Innovating your key product (1/2): How to sell expensive can of paint

When thinking about innovation, many people imagine companies such as Uber, Airbnb or Amazon that came with comething big and totally new.

Wharton operations, information and decisions practice professor David Robertson argues that an innovation isn't only either a radically new way of doing business that is vastly disruptive or about incremental improvements of the current product.

There is also the type of innovation which is about making an existing product more compelling.

Illustration

In his book, The Power of Little Ideas: A Low-Risk, High-Reward Approach to Innovation, Robertson describes a highly useful concept of innovation which can be used at many companies.

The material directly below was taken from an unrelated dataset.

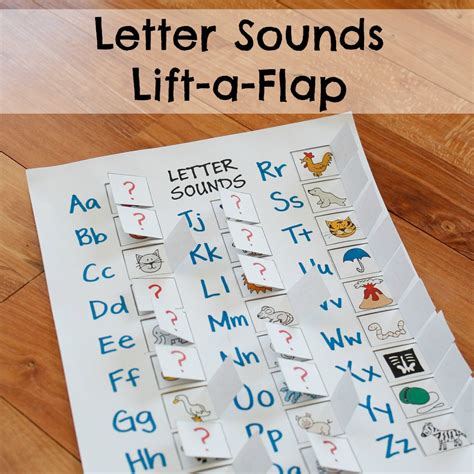 Letter Sounds Lift-a-Flap - ResearchParent.com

Innovate around your main product

Robertson begins with a story about him wondering why a contractor who he hired to paint his house proposed using paint that was twice as expensive as the paint from another company. Both paints were equally good according to a popular consumer ratings magazine. So he proposed using the cheaper paint. The answer was that it would raise the overall price of the work, since paint is only about 15% of the total cost.

What Robertson didn’t know was that the supplier who sold the paint that was twice as expensive provided many additional services to painters. The company color consultant helped choose the kind of paint and the color. It would take back extra primer if it hadn't been used and provided more supplies if the painter ran out of something.

This paint supplier realized very well who their customers are. They're small business owners – the painting contractors. It’s not so much about the product itself, it's about the innovations around the core product. In the end, it makes the core product much more valuable.

Book

Robertson, David: The Power of Little Ideas: A Low-Risk, High-Reward Approach to Innovation, Harvard Business Review Press, Boston, May 2017, 256 p.